• Activity:
Skip the pictures. Output only the lines below starting at the line with "Cellcronic Falcon 6G" and ending at the line with "11Pcs/Set Stainless Steel", both ends included, exactly as they are.

• The input:
☆ ☆ ☆

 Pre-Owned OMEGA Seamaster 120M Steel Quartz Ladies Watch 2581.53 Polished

☆ ☆ ☆

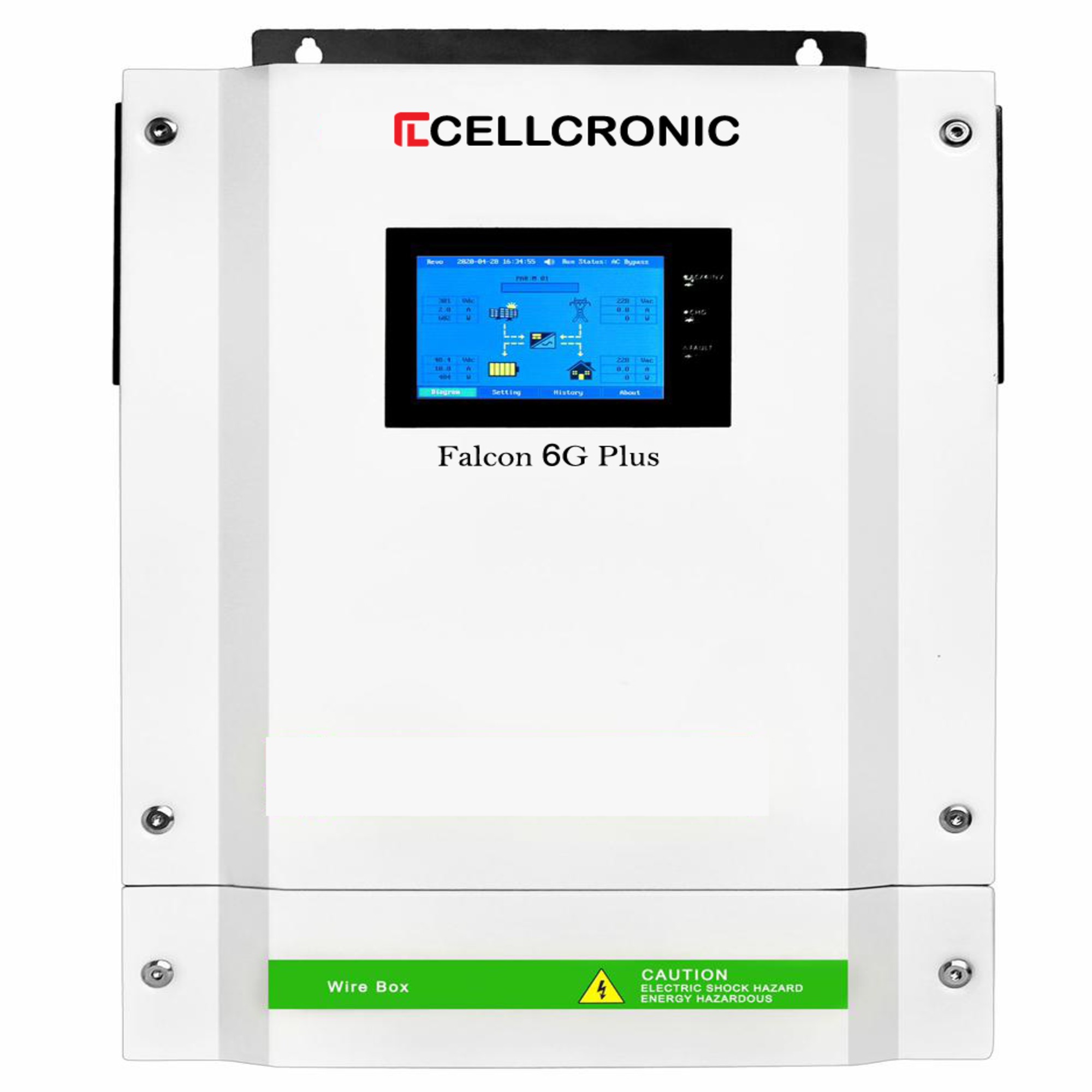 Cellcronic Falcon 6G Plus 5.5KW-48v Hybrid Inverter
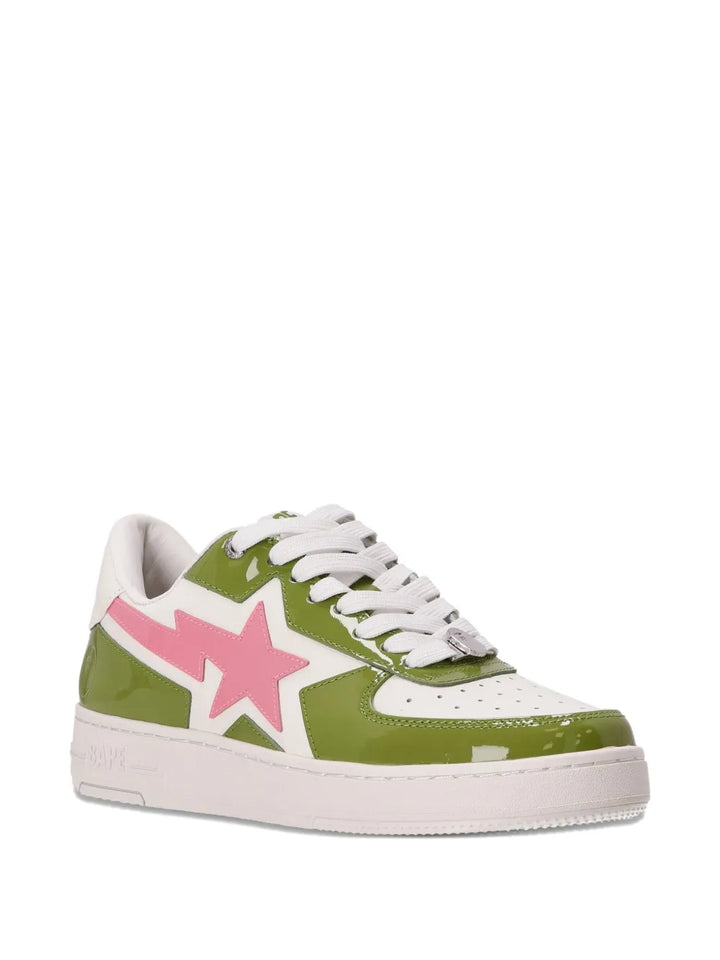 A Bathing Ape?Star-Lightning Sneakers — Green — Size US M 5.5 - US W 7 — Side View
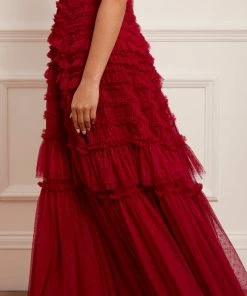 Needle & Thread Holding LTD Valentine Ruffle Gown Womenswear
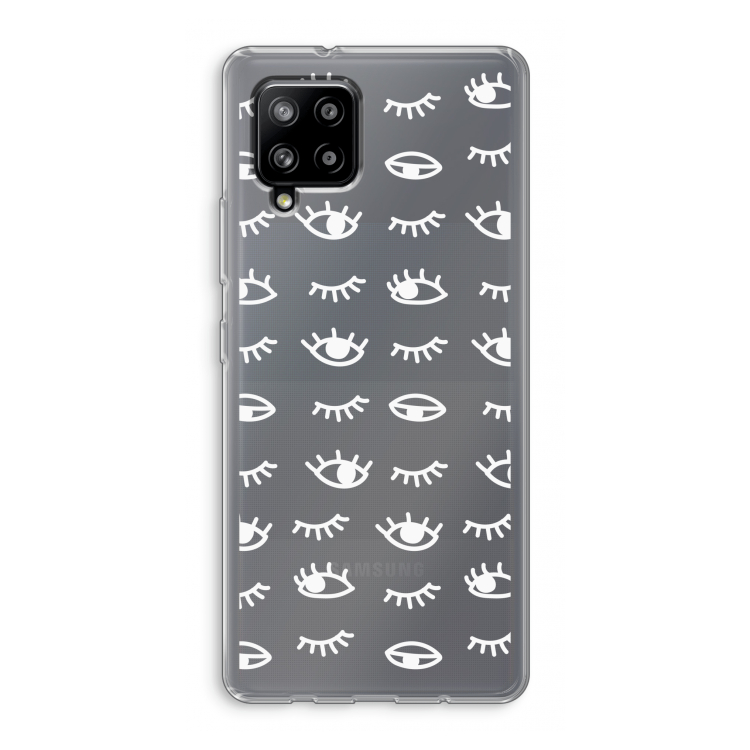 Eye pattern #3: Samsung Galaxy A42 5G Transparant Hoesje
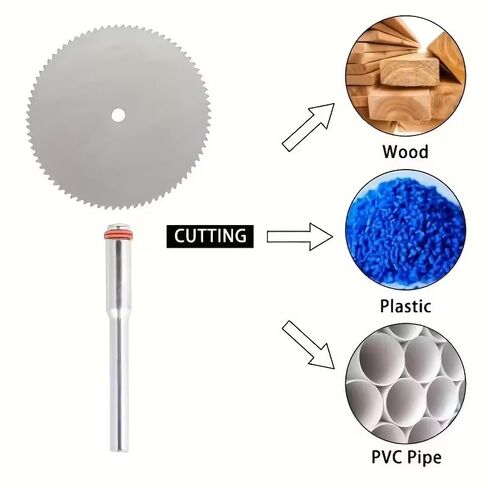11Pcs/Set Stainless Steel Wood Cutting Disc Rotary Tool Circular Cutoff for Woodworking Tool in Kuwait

☆ ☆ ☆

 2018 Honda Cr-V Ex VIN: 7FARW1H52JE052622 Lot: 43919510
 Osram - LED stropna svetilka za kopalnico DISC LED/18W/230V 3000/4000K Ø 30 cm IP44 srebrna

☆ ☆ ☆

• Your solution:
 Cellcronic Falcon 6G Plus 5.5KW-48v Hybrid Inverter
 A Bathing Ape?Star-Lightning Sneakers — Green — Size US M 5.5 - US W 7 — Side View
 Needle & Thread Holding LTD Valentine Ruffle Gown Womenswear
 Eye pattern #3: Samsung Galaxy A42 5G Transparant Hoesje
11Pcs/Set Stainless Steel Wood Cutting Disc Rotary Tool Circular Cutoff for Woodworking Tool in Kuwait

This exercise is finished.